Take a cue from yesteryear and give your cocktails a vintage twist.

Christina Nihira December 21st, 2011

Who better to provide some insight about retro libations than Amy Nelms, head bartender at the Skirvin Hilton Hotel’s Red Piano Lounge?

The longtime barkeep extraordinaire recently helped the downtown property celebrate its centennial by showcasing cocktails popularized throughout the 20th century.

According to Nelms, long-forgotten spirits are once again in vogue, not just at the hotel’s swanky piano bar where she works, but as a general beverage trend. She said the holidays offer the perfect chance to stir up a lot of spirit for office parties and family occasions.

“Cocktails are super popular,” said Nelms. “Some you can’t find [mixed] anywhere else [except in a bar].”

The holidays provide countless occasions to entertain. Sipping on distinctive cocktails makes for a unique — as well as pleasurable — experience for most guests. The Barbary Coast, old fashioned, Moscow mule and sidecar are just a few resurrected drinks. Other more modern tastes might be a tequila sunrise, Black Russian or golden Cadillac.

right, Amy Nelms of Red Piano Lounge shows us the Poinsettia and an old fashioned.

Inspired bartenders such as Nelms also craft flavored vodkas into signature house specialties. At the Skirvin, for example, an ornate vessel containing the hotel’s own house-infused vodka sits unobtrusively on the bar counter. At first glance, the mostly clear liquid looks harmless. Upon closer observation, you’ll see the hot and spicy peppercorns dancing on the bottom of the carafe.

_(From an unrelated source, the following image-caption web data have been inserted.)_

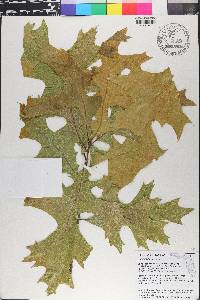 Quercus laevis image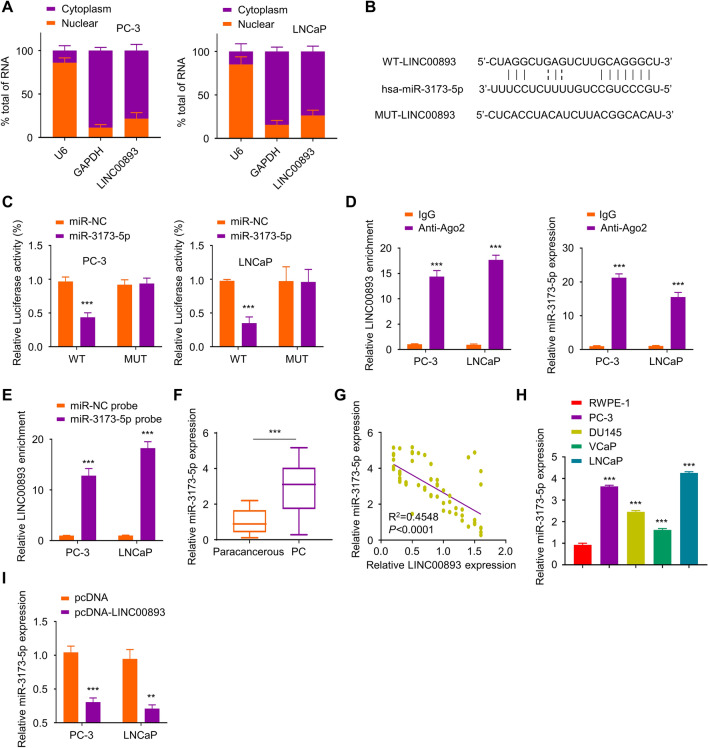 PMC9275192 – Fig3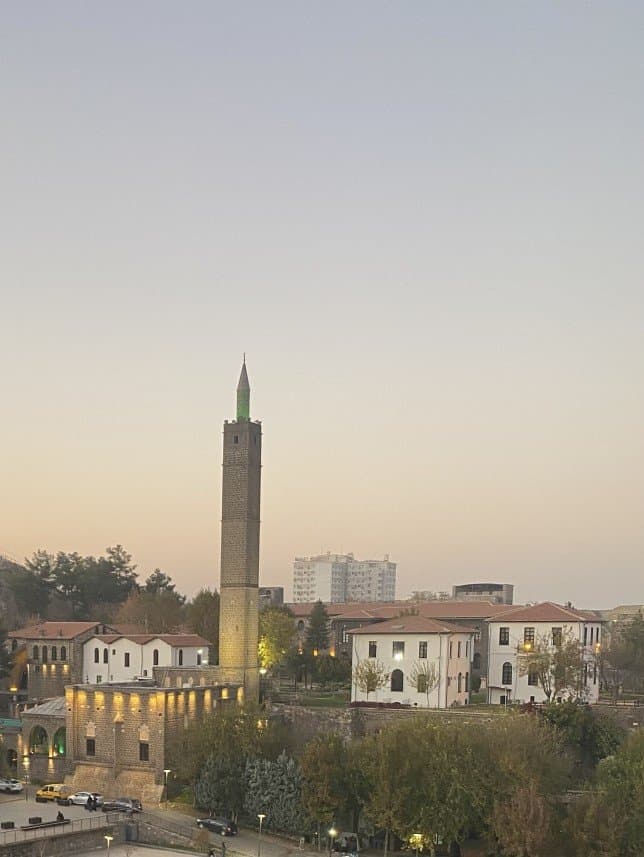 Fatma Ş. — çalışma 1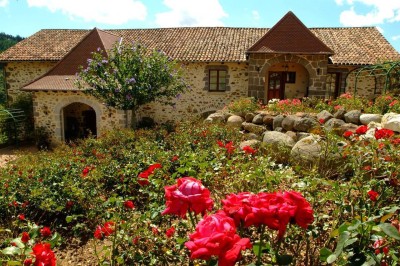 Château de Salles - photo 2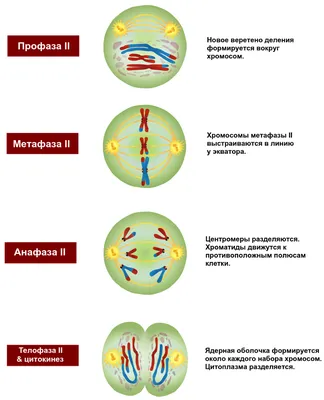 Деление клетки. Отличие митоза и мейоза - NeoBionika.ru - сайт о  дополнительном образовании: обучающие материалы для самообразования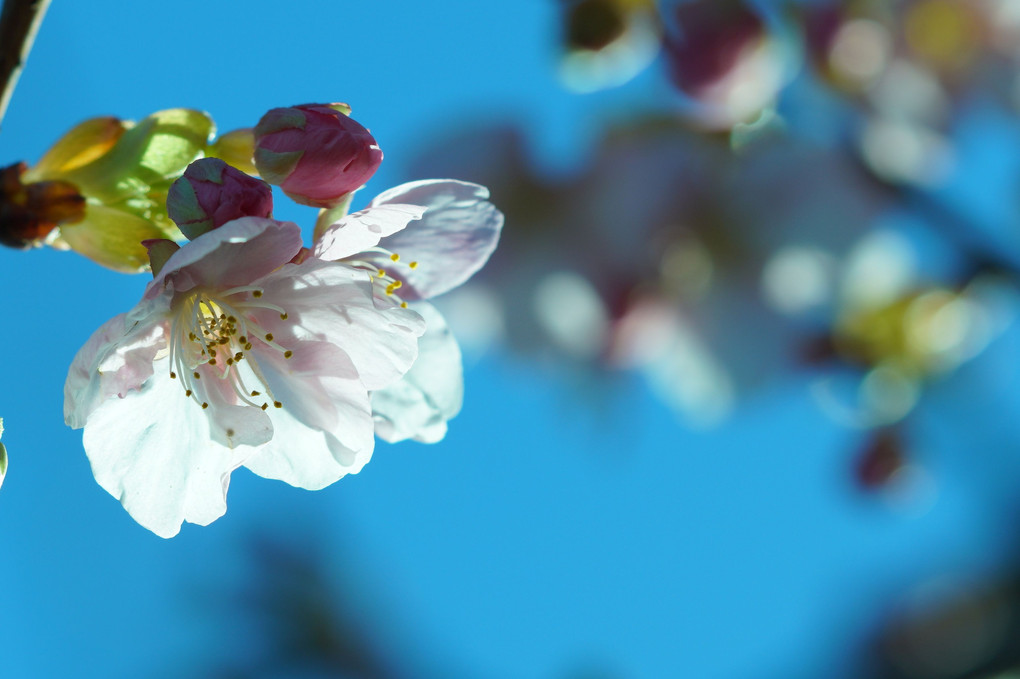 河津桜とメジロさん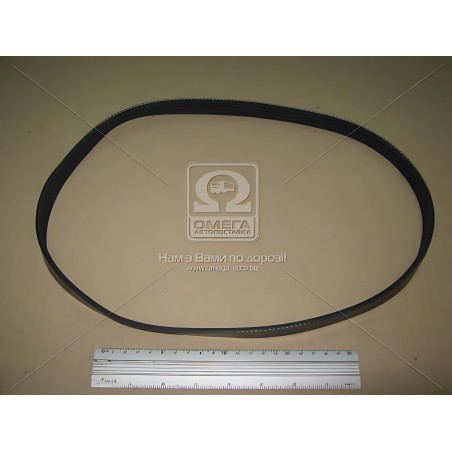 5PK925 Ремінь поліклін. 5PK925 (вир-во DONGIL) фото від Мотор-Агро Харків Україна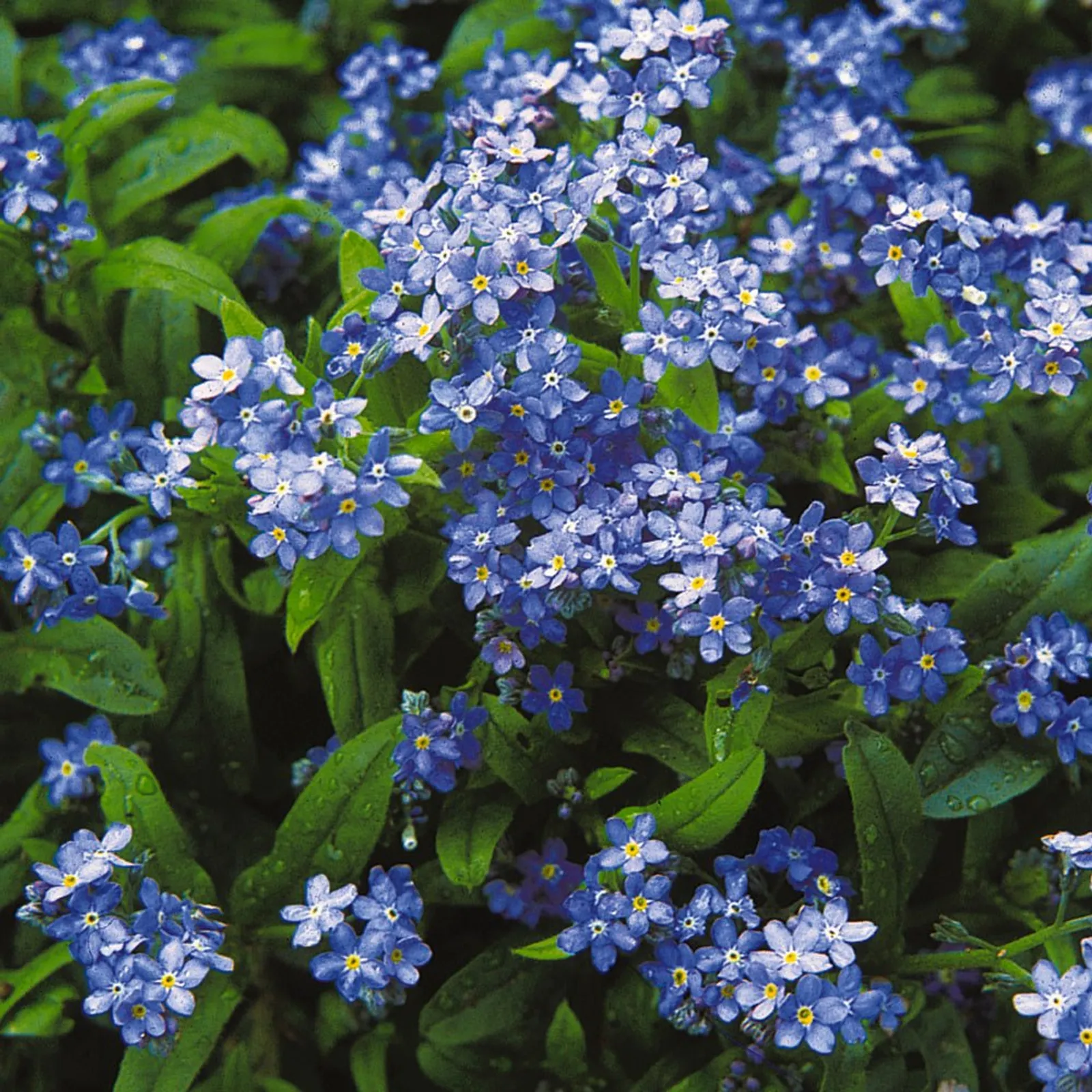 Common Forget-Me-Not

Most people, however, prefer the security of classic beverages. The late 1940s brought the Negroni. One of the earliest reports about this drink, made with gin, Campari and vermouth, came from Orson Welles while working in Rome. “The bitters are excellent for your liver; the gin is bad for you,” said the filmmaker. “They balance each other.”

The brandy ice, made with brandy, crème de cacao and vanilla ice cream, is another favorite. It is rumored to have been invented by former Skirvin owner Dan James. The red carpet also arrived around this time. It contains vodka, cranberry and lime juices. Perhaps this can be considered a precursor to the ever-popular Cosmopolitan?

“This all has to do with the old, classic style,” Nelms said.

Amy Nelm’s Vintage Holiday Cocktail Menu

Poinsettia
½ ounce Cointreau or triple sec
champagne
3 ounces cranberry juice
Chill all of the ingredients beforehand. Pour the Cointreau and cranberry juice into a chilled champagne flute. Stir well.

Old Fashioned
2 ½ ounces whiskey
5 dashes angostura bitters
orange slice, cherries
2 teaspoons simple sugar
Muddle to perfection.
 
Mint Chocolate-Chip Martini
1 ounce vodka
½ ounce white crème de menthe
½ ounce white crème de cacao
Pour ingredients into shaker filled with ice. Pour into chilled martini glass.
Garnish with chocolate stick and mint sprig.